Spöttisch blickte der Junge auf seinen Vater herab. Selbst mit bloßen Füßen überragte er ihn um die Länge eines halben Hauptes, und an Kraft stand er doppelt seinen Mann.

»Meinst, ich hätt' Angst vor 'ner Tracht Prügel von dir? Du lieber Himmel!« höhnte er. »Grad' so gut ließ ich mich von 'nem Mädel verdreschen.«

Jede Erwähnung seiner physischen Mängel ließ den Kleinen so sicher aufflammen, wie ein brennendes Zündholz eine Lunte.

»Du mußt dich ja erkälten, so wie du dastehst. Lauf nach unten und hol' unsern kleinen Freund. Wollen doch mal sehen, ob ich dir nicht einheizen kann.«

David machte kehrt und stolperte die dunkle, schmale Treppe hinunter. Eisig wie der Tod trafen die Dielen seine nackten Füße, während des Roten Wills heißer Atem seine Beine anfächelte.

So ging's in die Küche und wieder hinauf, immer hinterdrein der Rote Will.
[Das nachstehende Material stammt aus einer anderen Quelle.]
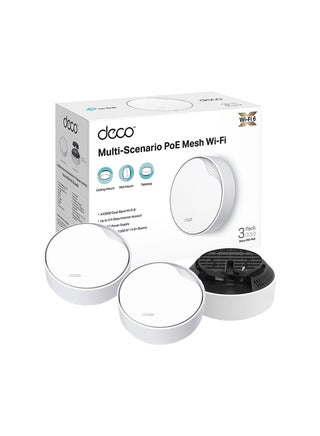 Deco X50-PoE AX3000 Whole Home Mesh Wi-Fi 6 System with PoE, Dual-Band, AI-Driven Mesh, cover up to 6,500 ft2, Connect up to 150 devices, 1.0 GHz Dual-Core CPU, HomeShield, Pack of 3 White - pnsku/N70019357V/45/_/1698914202/f9a67c99-6343-497b-9b52-f45eff6bc716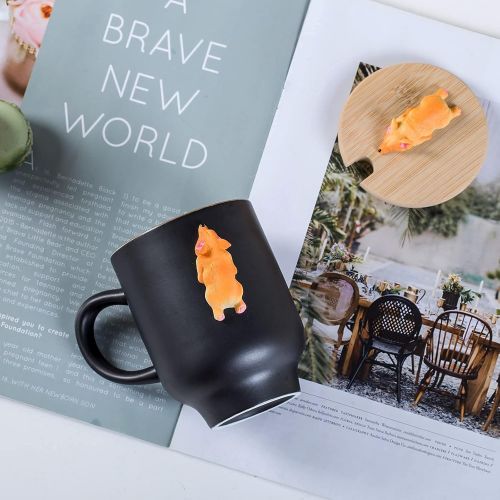  [아마존베스트]Daveinmic Matte Black Corgi Mug with Original Bamboo Lid,Handcrafted Cute Corgi Gift Coffee Mug Tea Cup Perfect Novelty Mug(12oz,350ML)(Black, Corgi)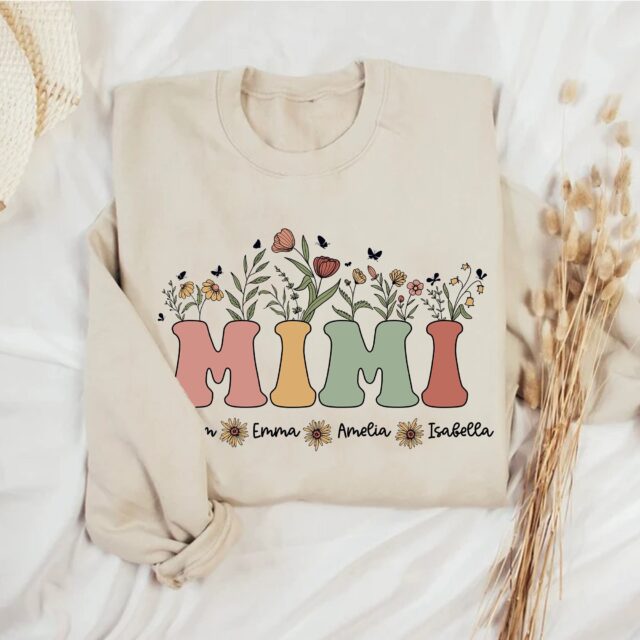 Personalized Wildflower Mimi Shirt with Grandkids Names – Grandma Shirt for Mother’s Day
»Ich werd' dir's noch beibringen – und wenn ich selber drüber zugrunde gehe –, deinen Vater zu ehren!« schrie der Kleine und riß den Riemen aus des Jungen tauben Fingern.

Als es vorbei war, wandte sich M'Adam, völlig außer Atem, zum Gehen. Auf der Schwelle hielt er inne und warf einen Blick über die Schulter: eine kleine, undeutliche, teuflische Gestalt im Türrahmen; hinter ihm aus der Finsternis glühten gleich flüssigem Metall die Augen des Roten Will.

Da gewahrte der kleine Mann einen solchen Ausdruck in seines Sohnes Gesicht, daß er dieses eine Mal wenigstens sich aufrichtig fürchtete. Er schmiß die Tür ins Schloß und humpelte behende die Treppe hinunter.